• [Supplied data]
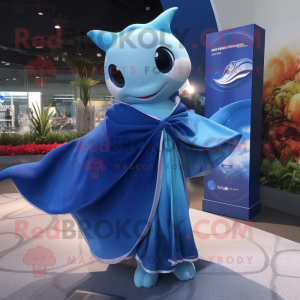 Blue Manta Ray mascot costume character dressed with a Wrap Skirt and Shawls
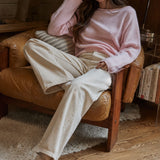 Model wearing the Piper Soft Knit Crew Sweater in Baby Pink with relaxed neutral pants - relaxed sitting pose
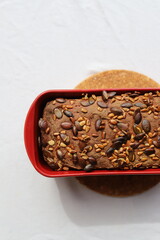 Whole Grain Rye Sourdough Bread Loaf with Seeds in a Red Loaf Pan
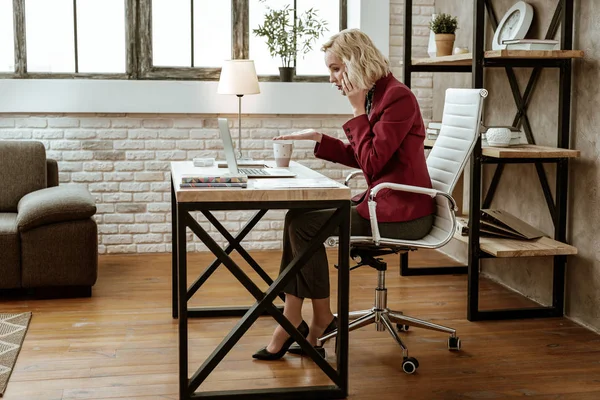Fitte blonde Frau auf Stöckelschuhen löst Geschäftsproblem während eines Telefonats — Stockfoto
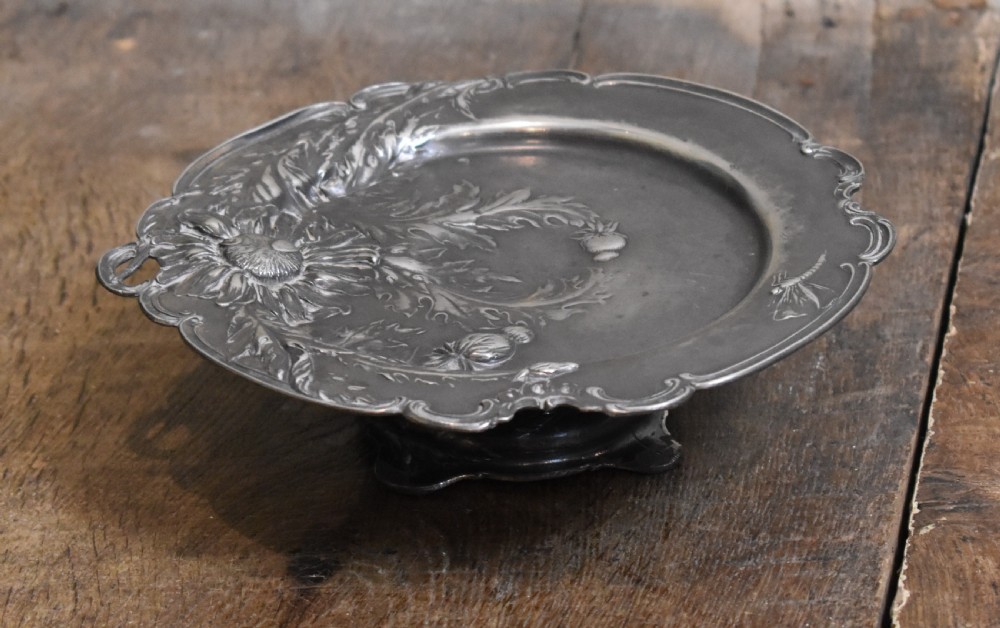 An Art Nouveau Britannia metal tazza with relief carvings of flowers, foliage, and a dragonfly along the scalloped rim. View V
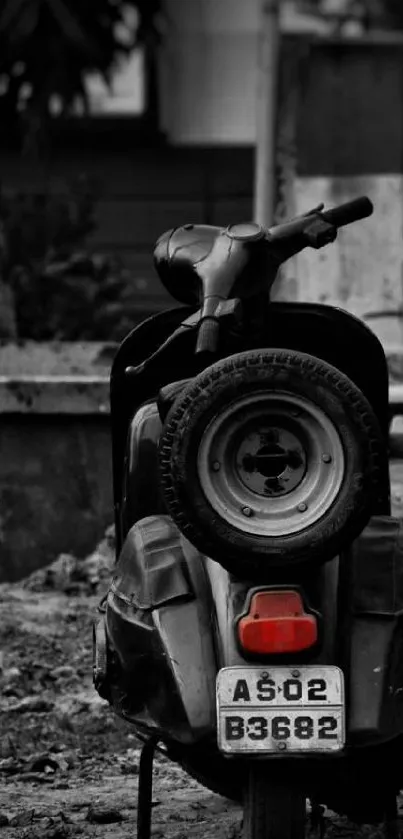 Vintage scooter in black and white urban setting.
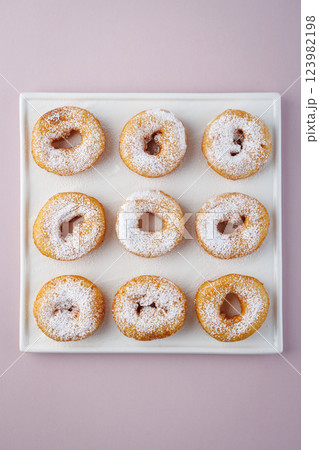 Donuts with powdered sugar on a light plate and a delicate purple background. Top view Donuts with powdered sugar on a light plate and a delicate purple background. Top view 123982198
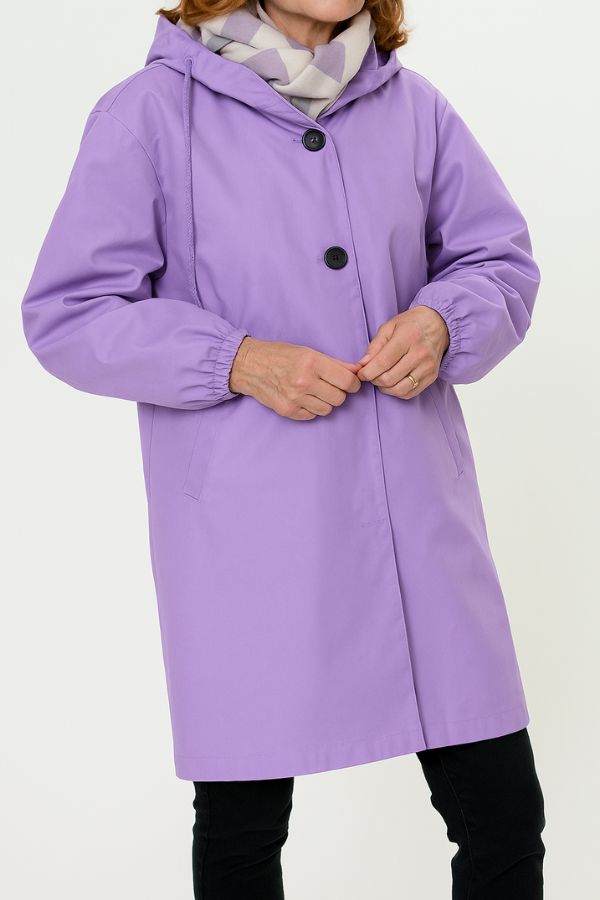 Lavender oversized water-resistant windbreaker jacket with hood and front buttons, styled for outdoor wear
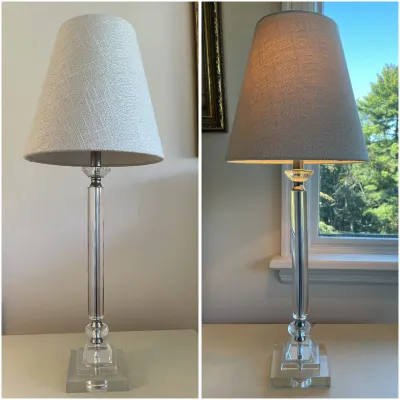 Sale Photo Thumbnail #8: Contemporary clear acrylic column table lamp with silver-tone hardware and a linen-textured beige shade, shown unlit and illuminated.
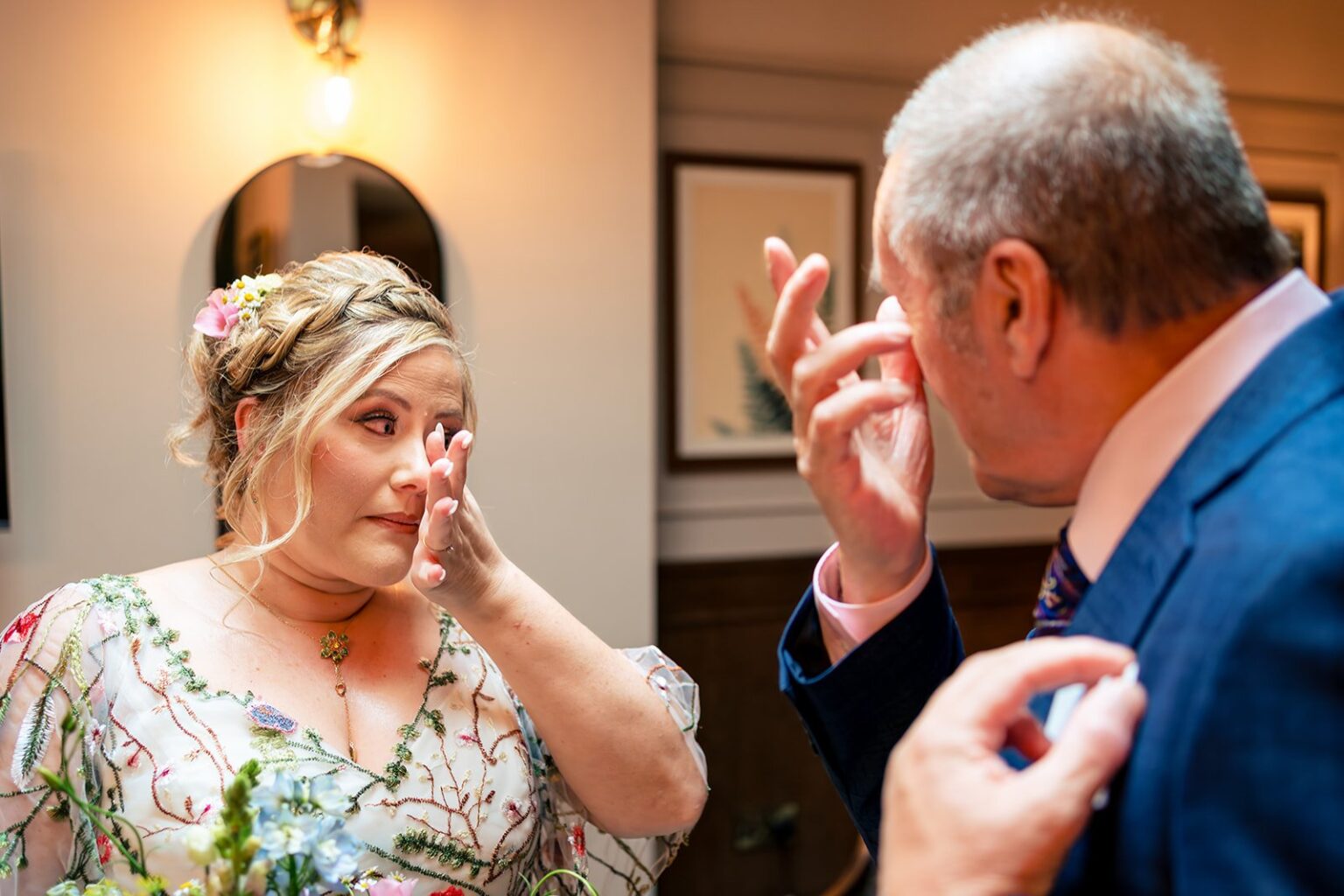 Bride and her dad wiping away tears before the ceremony at Hampton Estate, Surrey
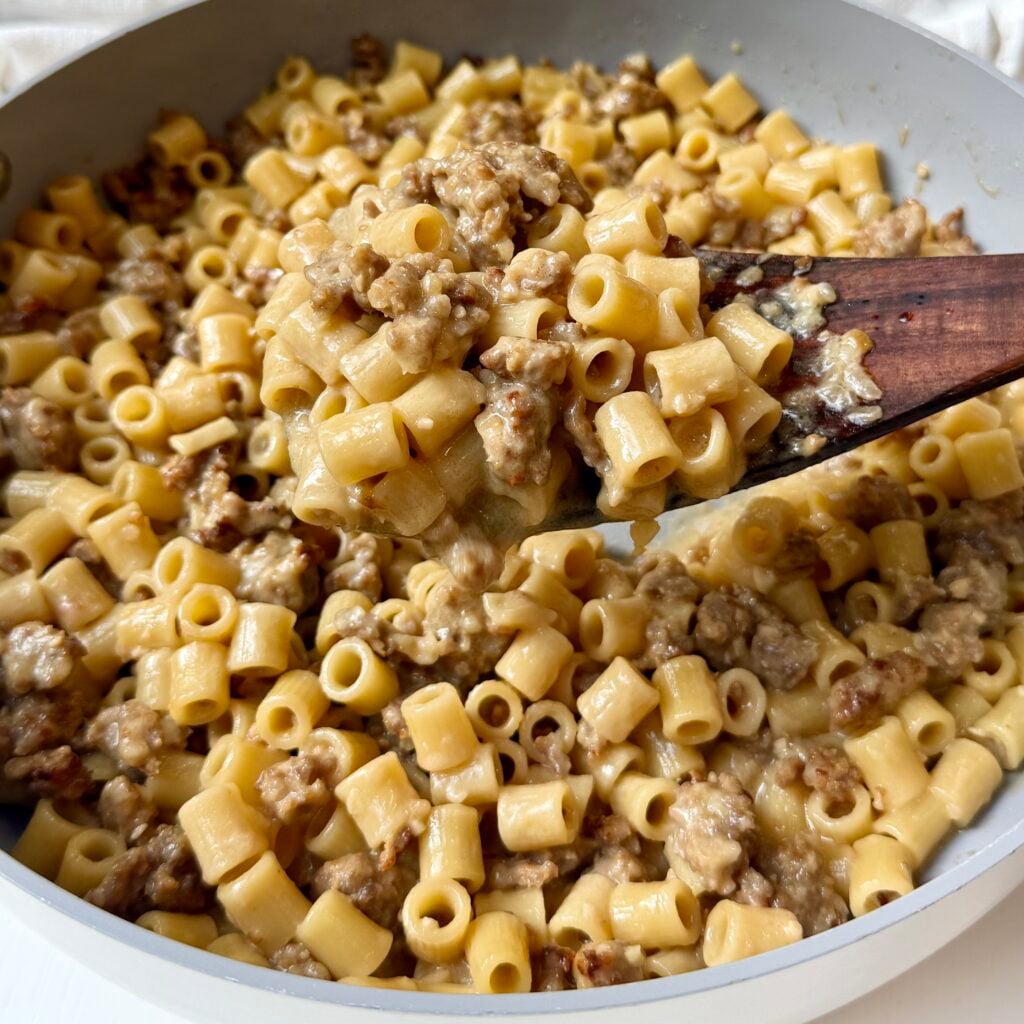 Creamy Italian sausage ditalini topped with freshly grated Parmesan and parsley in a skillet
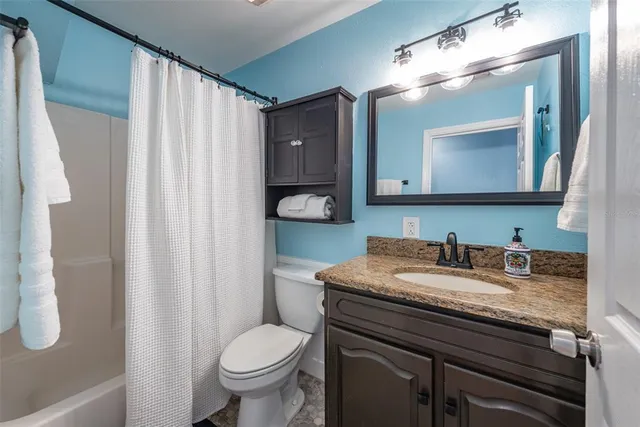 a bathroom with a granite countertop sink toilet and mirror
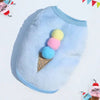 Light blue fleece puffer vest with colorful pom-poms on the chest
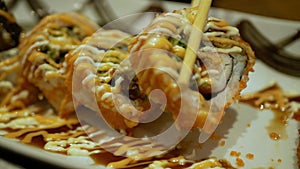 close up to a plate of futomaki sushi with fresh raw fish japanese food while using chopsticks to pick sushi from plate to eat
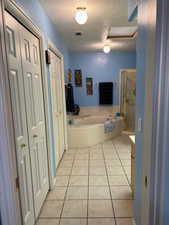 Corridor with light tile floors and a textured ceiling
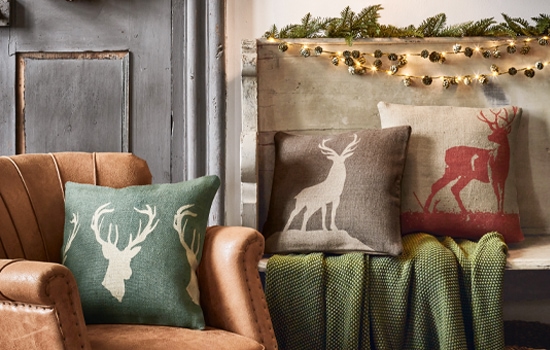 Coussins décoratifs avec motif de cerf en couleurs naturelles sur fauteuil en cuir et banc avec couverture verte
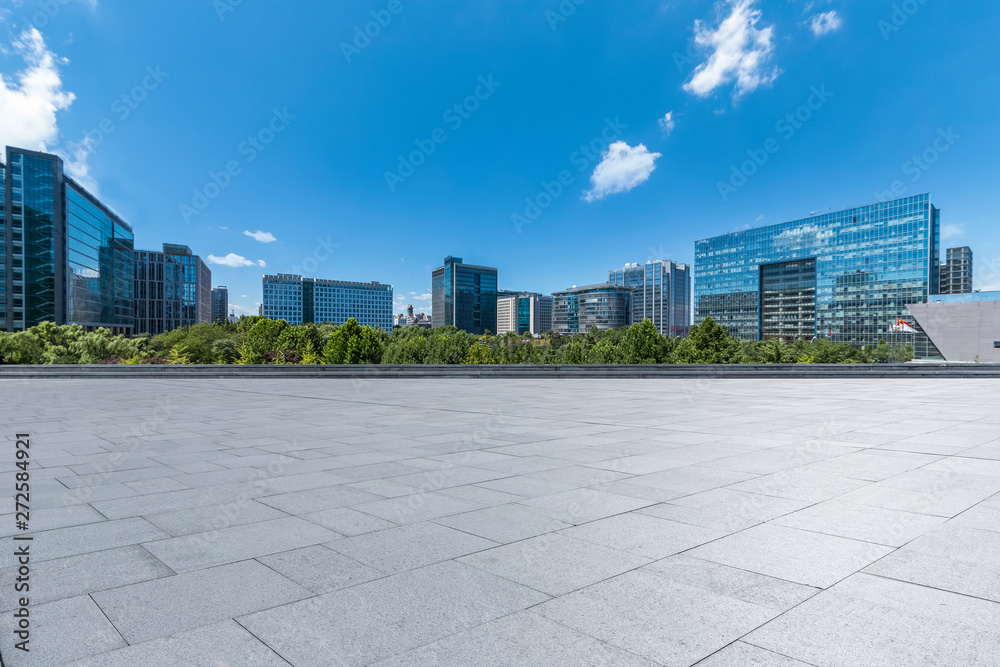 Panoramic skyline and modern business office buildings with empty road,empty concrete square floor Panoramic skyline and modern business office buildings with empty road,empty concrete square floor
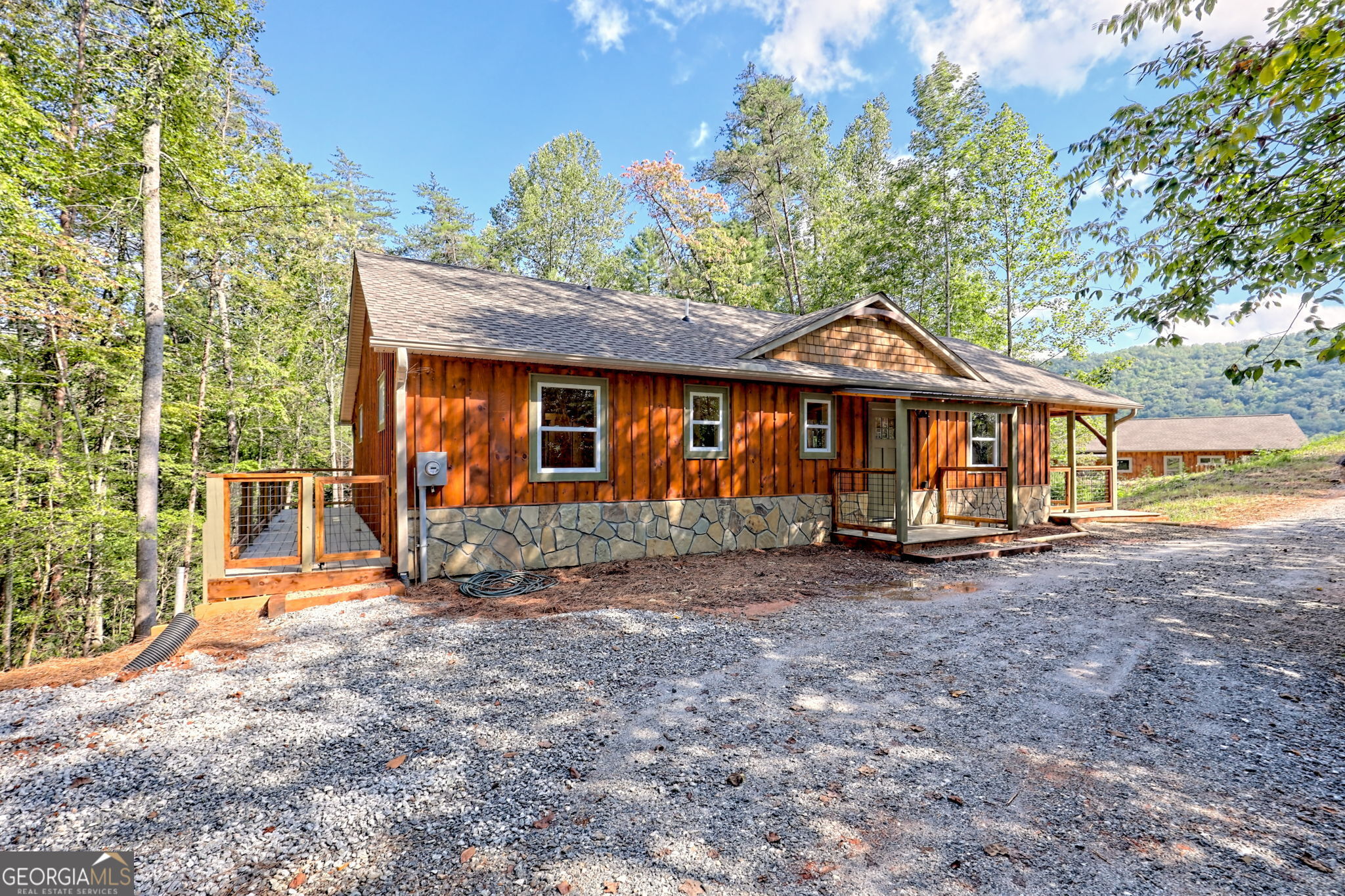 108 Olds Mountain Rabun Gap, GA 30568 - Photo 73 of 73 a front view of a house with garden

• [Description of the task] Every line above between the one containing "Whole Grain Rye" and the one containing "Corridor with light", those two included, is to be printed exactly. No pictures go into the copy.

• [Worked solution]
 Whole Grain Rye Sourdough Bread Loaf with Seeds in a Red Loaf Pan
Fitte blonde Frau auf Stöckelschuhen löst Geschäftsproblem während eines Telefonats — Stockfoto
 An Art Nouveau Britannia metal tazza with relief carvings of flowers, foliage, and a dragonfly along the scalloped rim. View V
 Vintage scooter in black and white urban setting.
 Donuts with powdered sugar on a light plate and a delicate purple background. Top view Donuts with powdered sugar on a light plate and a delicate purple background. Top view 123982198
 Lavender oversized water-resistant windbreaker jacket with hood and front buttons, styled for outdoor wear
 Sale Photo Thumbnail #8: Contemporary clear acrylic column table lamp with silver-tone hardware and a linen-textured beige shade, shown unlit and illuminated.
 Bride and her dad wiping away tears before the ceremony at Hampton Estate, Surrey
 Creamy Italian sausage ditalini topped with freshly grated Parmesan and parsley in a skillet
 a bathroom with a granite countertop sink toilet and mirror
 Light blue fleece puffer vest with colorful pom-poms on the chest
 close up to a plate of futomaki sushi with fresh raw fish japanese food while using chopsticks to pick sushi from plate to eat
 Corridor with light tile floors and a textured ceiling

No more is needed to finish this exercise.